UNIVERSITY PARK, Pa. — Felecia Davis, Penn State associate professor of architecture in the College of Arts and Architecture’s Stuckeman School, is contributing to a mobile art installation that helps memorialize the liberators of Black America as part of her involvement as a co-founding member of the Black Reconstruction Collective (BRC).
Titled “Unmonument,” the installation consists of a matte-black, steel industrial lift and made its New York debut on Aug. 8 at the Weeksville Heritage Center in Brooklyn. It will make its way to Syracuse, New York in October and to Bellefonte, Pennsylvania, in December before moving on to Los Angeles and Atlanta in 2025.

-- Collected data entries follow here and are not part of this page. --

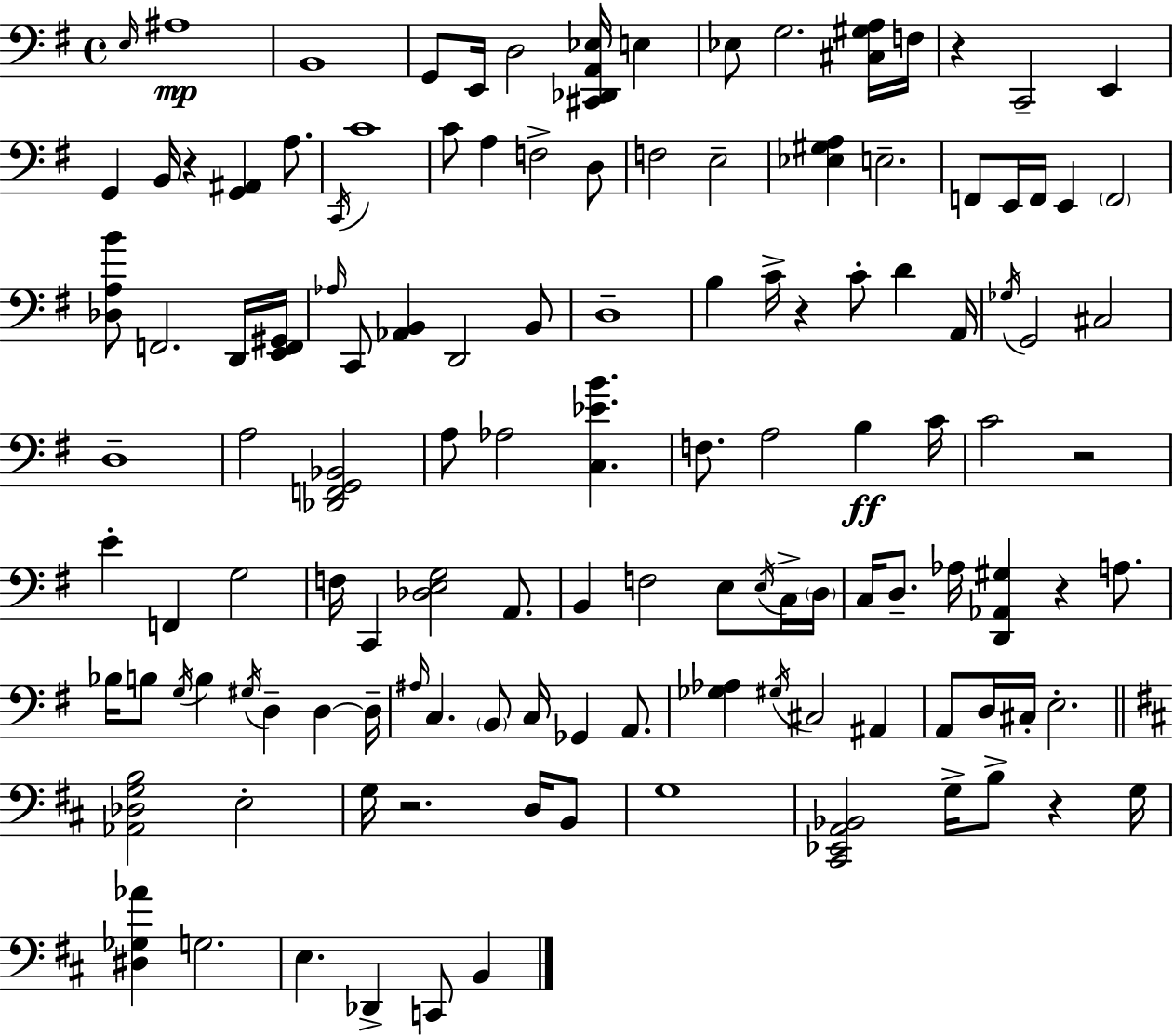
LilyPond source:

{
  \clef bass
  \time 4/4
  \defaultTimeSignature
  \key e \minor
  \repeat volta 2 { \grace { e16 }\mp ais1 | b,1 | g,8 e,16 d2 <cis, des, a, ees>16 e4 | ees8 g2. <cis gis a>16 | \break f16 r4 c,2-- e,4 | g,4 b,16 r4 <g, ais,>4 a8. | \acciaccatura { c,16 } c'1 | c'8 a4 f2-> | \break d8 f2 e2-- | <ees gis a>4 e2.-- | f,8 e,16 f,16 e,4 \parenthesize f,2 | <des a b'>8 f,2. | \break d,16 <e, f, gis,>16 \grace { aes16 } c,8 <aes, b,>4 d,2 | b,8 d1-- | b4 c'16-> r4 c'8-. d'4 | a,16 \acciaccatura { ges16 } g,2 cis2 | \break d1-- | a2 <des, f, g, bes,>2 | a8 aes2 <c ees' b'>4. | f8. a2 b4\ff | \break c'16 c'2 r2 | e'4-. f,4 g2 | f16 c,4 <des e g>2 | a,8. b,4 f2 | \break e8 \acciaccatura { e16 } c16-> \parenthesize d16 c16 d8.-- aes16 <d, aes, gis>4 r4 | a8. bes16 b8 \acciaccatura { g16 } b4 \acciaccatura { gis16 } d4-- | d4~~ d16-- \grace { ais16 } c4. \parenthesize b,8 | c16 ges,4 a,8. <ges aes>4 \acciaccatura { gis16 } cis2 | \break ais,4 a,8 d16 cis16-. e2.-. | \bar "||" \break \key d \major <aes, des g b>2 e2-. | g16 r2. d16 b,8 | g1 | <cis, ees, a, bes,>2 g16-> b8-> r4 g16 | \break <dis ges aes'>4 g2. | e4. des,4-> c,8 b,4 | } \bar "|."
}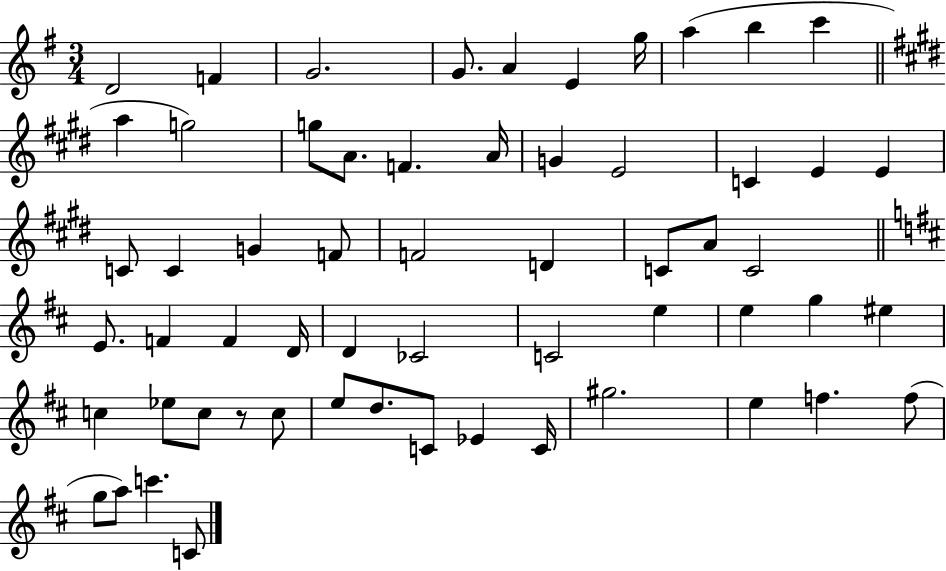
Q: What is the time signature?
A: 3/4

Along with Davis, fellow BRC cofounders Olalekan Jeyifous, Amanda Williams, Mitch McEwen, Sekou Cooke, J. Yolande Daniels and Emanuel Admassu are participants in the traveling installation that seeks not only to memorialize trailblazers in Black history — such as Harriet Tubman, Nat Turner and Toussaint Louverture — but also to challenge preconceived ideas about what monuments should look like.
The BRC focused on using the basic industrial lift for its “inherently and intentionally unspectacular structure” and because it’s “flexible, unprecious and moveable.” The group called it an infrastructure for “recognizing the community that surrounds it, a beacon to celebrate, to gather and to come together.”
The multi-site approach taken by the BRC takes inspiration from the Surrealist "exquisite corpse" game that was popular in the 1920s in which each participant would take a turn writing or drawing on a sheet of paper, folding it to conceal his or her contribution and then passing it to the next player for a further contribution. As such, "Unmonument" will be modified at each installation site it touches by engaging visitors in a “call and response” exercise.
“By adapting a refurbished maintenance lift as a mobile site of intervention and then sequentially passing it from one Black artist to another — location to location — the industrial object is transformed into a powerful yet accessible symbol of resilience and ingenuity,” said Jeyifous, who organized the installation in Brooklyn.